Rita Buzzar is a Brazilian screenwriter and film producer founder of Nexus Cinema e video.

==Biography==

Rita Buzzar is a screenwriter, film producer, and movie director from "Nexus Cinema e Video", a film company from Brazil. She is graduated in Cinema at the University of São Paulo.

She wrote television hits such as the mini-series "Rosa dos Rumos" (1990–91), the soap opera "A Historia de Ana Raio e Ze Trovao" (1990–91) and "A Queridinha", directed by Walter Avancini. All of them for "Rede Manchete network".

She also wrote "Lara" and "Maria dos Prazeres", both screenplays. The last one is an
international production by Carlo Ponti.

She worked with Gabriel Garcia Marquez in "Amores Posibles", a TV Series, for
Spanish Television.

Her project "Luz no Céu" was selected for a screen-writing workshop at Sundance Institute, in the USA.

She directed many TV Documentaries, including "Carandiru.doc" about Carandiru Detention Center and the filming process of Hector Babenco's movie inside the prison.

She wrote Olga, a movie she produced in association with "Globo Filmes" and "Lumiere". "Olga" has been watched by more than three million viewers and has won more than 20 awards in and out of Brazil.

She wrote and produced "Budapest", a movie inspired on Chico Buarque's homonymous novel. It was a co-production among Brazil, Portugal and Hungary, directed by Walter Carvalho and released in May 2009.

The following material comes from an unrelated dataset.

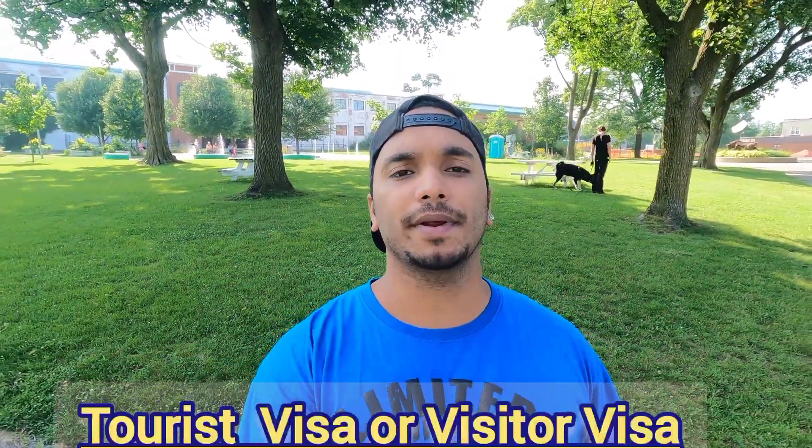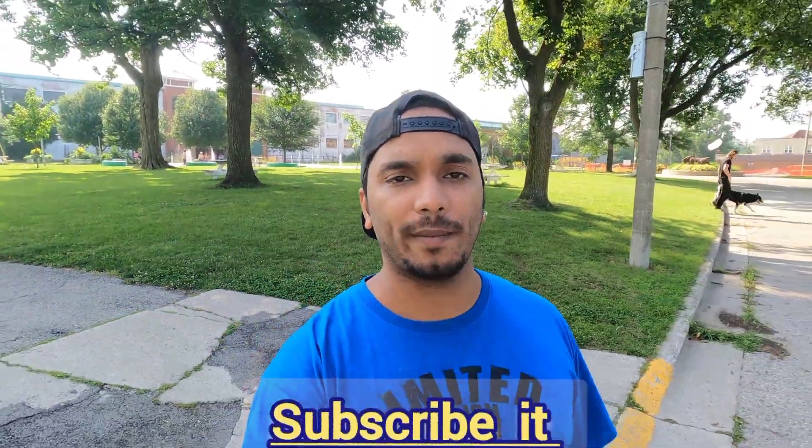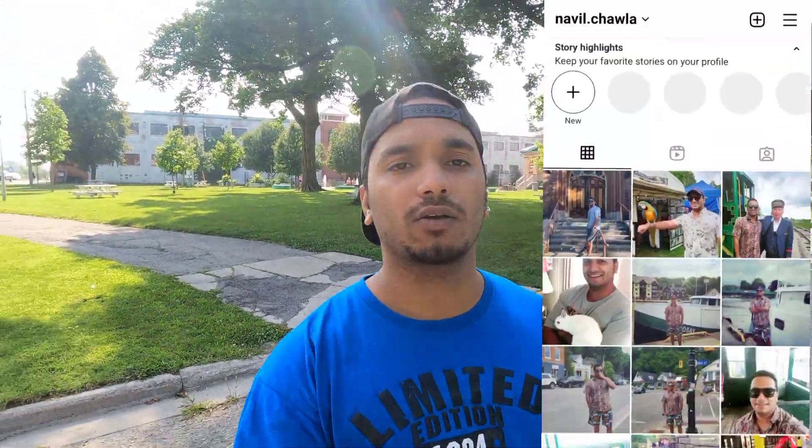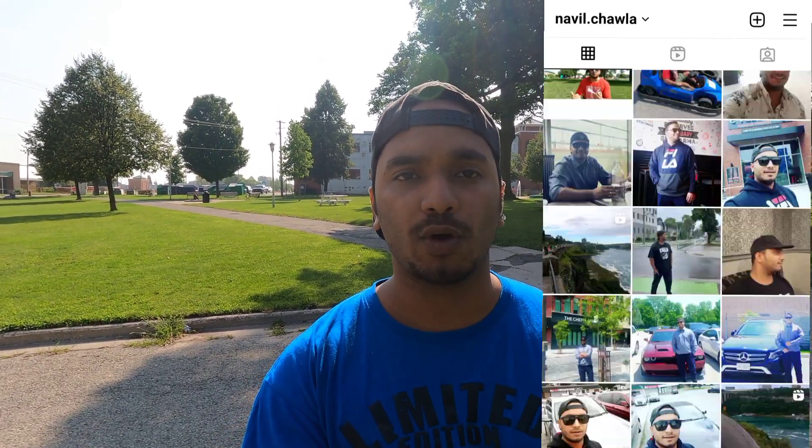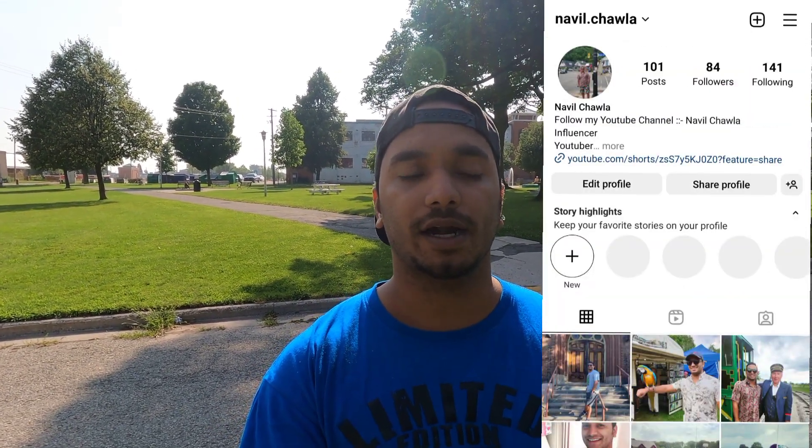If you are in Canada and you want to convert your tourist visa or visitor visa to a work permit, then how do you do it? It is a very simple process. I will discuss what documentation you need, how much time it will take, and where you will find your job — all in this video, short and crisp. This is a process where you will get a work permit and an easy path to PR.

Rita produced "O Tempo e o Vento", another movie with the director Jayme Monjardim, inspired on the epic novel from the celebrated Brazilian writer Erico Verissimo.

She wrote and is producing "Forgetiminoti", which is going to be directed by Roberto Moreira; and "Duetto", a Brazil-Italy co-production. The director is Marcos Jorge, who also directed "Estômago". She is also producing "Madame Durocher", a France-Brazil co-production movie. Both movies are on pre-production stage.